Sommerfeste und Kümmer-Partei – ich lach mich tot! Weiß überhaupt noch jemand wann das letzte NPD-Fest in Bad Kösen stattgefunden hat? Auf alle Fälle hat sich inzwischen einiges getan. Der Burgenlandkreis bekam im Mai 2009 von der Bundesregierung den Titel "Ort der Vielfalt" verliehen. Aber das "alljährliche Sommerfest" gehört in den Vortrag wie das Amen in die Kirche. Und gekümmert wird sich bestenfalls um sich selber, wie in der Broschüre
"Die NPD in den Kreistagen Sachsen-Anhalts" [Herausgegeben von der Landeszentrale für politische Bildung Sachsen-Anhalt] verrät:
"Das NPD-Personal hat hier kaum Verbindungen zur nachfolgenden Generation und ist wenig kompetent, wenn es darum geht das vorhandene Potential zu aktivieren oder mit jugendgerechten und zeitgemäßen Angeboten zu bedienen."
Oder:
"Das Schlagwort von Herrn Karl […] ist ‚Taten statt Worte‘. Aber […] es ist genau umgekehrt. […] Die NPD entwickelt keine eigenen Aktivitäten über die Kreistagssitzung hinaus."
Peinlich sind all diese Dinge, weil sie der Wirklichkeit um mindestens 10 Jahre hinterher rennen und eine gescheite, erfolgsversprechende und angemessene Auseinandersetzung mit diesem viel zu ernsten Thema verhindern! Wilhelm Heitmeyers erste Rechtsextremismus-Studie erschien 1992 (!!) und auch jenseits der Wissenschaften untermauerte Burkhard Schröder in seinem 2000 erschienen Buch die These "Nazis sind Pop". Heitmeyer gab auf dem WSI-Herbstforum zur "Gespaltenen Gesellschaft" auch einen Grund für die Misere an: Seit fünf, sechs Jahren herrsche Funkstille seitens der Politik. Seine Arbeit würde schlichtweg nicht nachgefragt.

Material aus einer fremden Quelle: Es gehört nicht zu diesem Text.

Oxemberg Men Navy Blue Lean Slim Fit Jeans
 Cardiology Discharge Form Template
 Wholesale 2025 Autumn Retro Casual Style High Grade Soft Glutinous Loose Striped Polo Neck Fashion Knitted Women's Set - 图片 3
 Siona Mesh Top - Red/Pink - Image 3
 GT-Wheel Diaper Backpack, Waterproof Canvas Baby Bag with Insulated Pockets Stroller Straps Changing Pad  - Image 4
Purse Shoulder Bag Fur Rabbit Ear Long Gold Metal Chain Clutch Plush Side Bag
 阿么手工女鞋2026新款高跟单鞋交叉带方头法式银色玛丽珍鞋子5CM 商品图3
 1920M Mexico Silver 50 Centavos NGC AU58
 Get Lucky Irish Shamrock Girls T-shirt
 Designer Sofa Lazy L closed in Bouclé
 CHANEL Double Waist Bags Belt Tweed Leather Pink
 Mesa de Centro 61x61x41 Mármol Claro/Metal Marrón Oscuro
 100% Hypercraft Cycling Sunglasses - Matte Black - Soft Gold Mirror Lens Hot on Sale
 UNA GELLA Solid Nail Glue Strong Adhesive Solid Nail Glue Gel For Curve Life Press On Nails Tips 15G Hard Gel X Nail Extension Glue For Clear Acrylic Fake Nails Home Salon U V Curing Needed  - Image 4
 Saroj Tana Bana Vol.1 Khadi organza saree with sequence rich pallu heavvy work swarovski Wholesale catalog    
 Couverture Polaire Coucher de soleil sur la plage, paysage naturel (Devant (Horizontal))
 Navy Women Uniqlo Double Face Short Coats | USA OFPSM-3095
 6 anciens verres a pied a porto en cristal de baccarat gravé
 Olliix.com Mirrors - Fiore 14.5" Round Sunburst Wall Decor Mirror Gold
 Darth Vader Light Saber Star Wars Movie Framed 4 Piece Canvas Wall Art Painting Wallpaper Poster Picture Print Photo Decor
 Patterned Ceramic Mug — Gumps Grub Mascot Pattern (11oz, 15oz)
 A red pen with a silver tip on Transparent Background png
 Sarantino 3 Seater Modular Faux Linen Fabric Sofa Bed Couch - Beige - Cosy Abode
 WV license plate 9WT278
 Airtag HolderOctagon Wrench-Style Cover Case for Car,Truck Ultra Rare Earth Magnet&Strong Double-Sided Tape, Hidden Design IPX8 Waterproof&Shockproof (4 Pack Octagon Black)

Die aktuelle Entwicklung bringt der Leipziger Rapper "Omik K" in seinem Song "Geschichten vom Block“ zum Ausdruck: "Uns vereint die Straße, egal was du bist, ob Kanacke, Russe, Neger, ob Faschist". Ob sich die Vertreter von Transkulturalität und Hybridität je hybride Neonazikulturen vorgestellt haben und wie man wohl darauf reagieren wird?